Joint Bidding on Intraday and Frequency Containment Reserve Markets
Yiming Zhang, Wolfgang Ridinger, David Wozabal
TL;DR
The paper addresses multi-market participation for battery energy storage systems under rising renewable variability by proposing a joint bidding framework that couples primary frequency reserve (FCR) with continuous intraday market (IDM) trading. It develops a MILP-based rolling intrinsic (RI) trading method for IDM and a learning-based classifier to allocate capacity across FCR and IDM, validated via an extensive out-of-sample backtest on German market data. Results show the learned classifier strategy (LCS) delivering substantial profit gains, narrowing the gap to a perfect foresight benchmark to about 4%, and outperforming naïve and static strategies. The approach demonstrates practical viability for high-frequency, multi-market decision-making in BESS operations and offers a foundation for further enhancements such as reinforcement learning for IDM and endogenous FCR pricing.
Abstract
As renewable energy integration increases supply variability, battery energy storage systems (BESS) present a viable solution for balancing supply and demand. This paper proposes a novel approach for optimizing battery BESS participation in multiple electricity markets.

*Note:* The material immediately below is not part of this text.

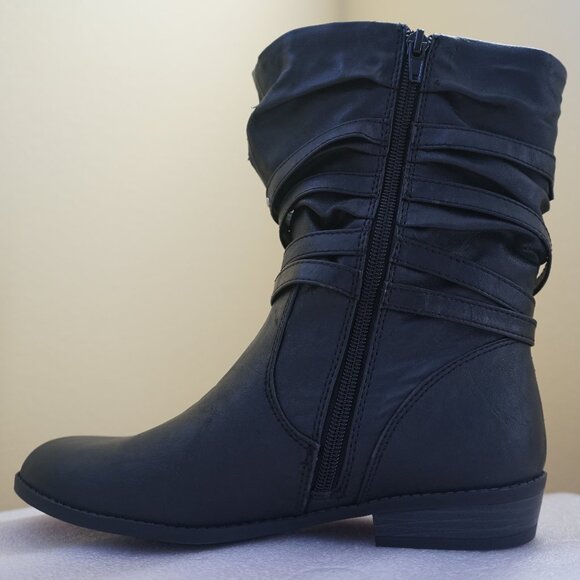 Retired: 2011 Disney Shake it Up Skid Resistant Girls Size: 5 1/2 Boots - Picture 4 of 12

We develop a joint bidding strategy that combines participation in the primary frequency reserve market with continuous trading in the intraday market, addressing a gap in the extant literature which typically considers these markets in isolation or simplifies the continuous nature of intraday trading. Our approach utilizes a mixed integer linear programming implementation of the rolling intrinsic algorithm for intraday decisions and state of charge recovery, alongside a learned classifier strategy (LCS) that determines optimal capacity allocation between markets. A comprehensive out-of-sample backtest over more than one year of historical German market data validates our approach: The LCS increases overall profits by over 4% compared to the best-performing static strategy and by more than 3% over a naive dynamic benchmark. Crucially, our method closes the gap to a theoretical perfect foresight strategy to just 4%, demonstrating the effectiveness of dynamic, learning-based allocation in a complex, multi-market environment.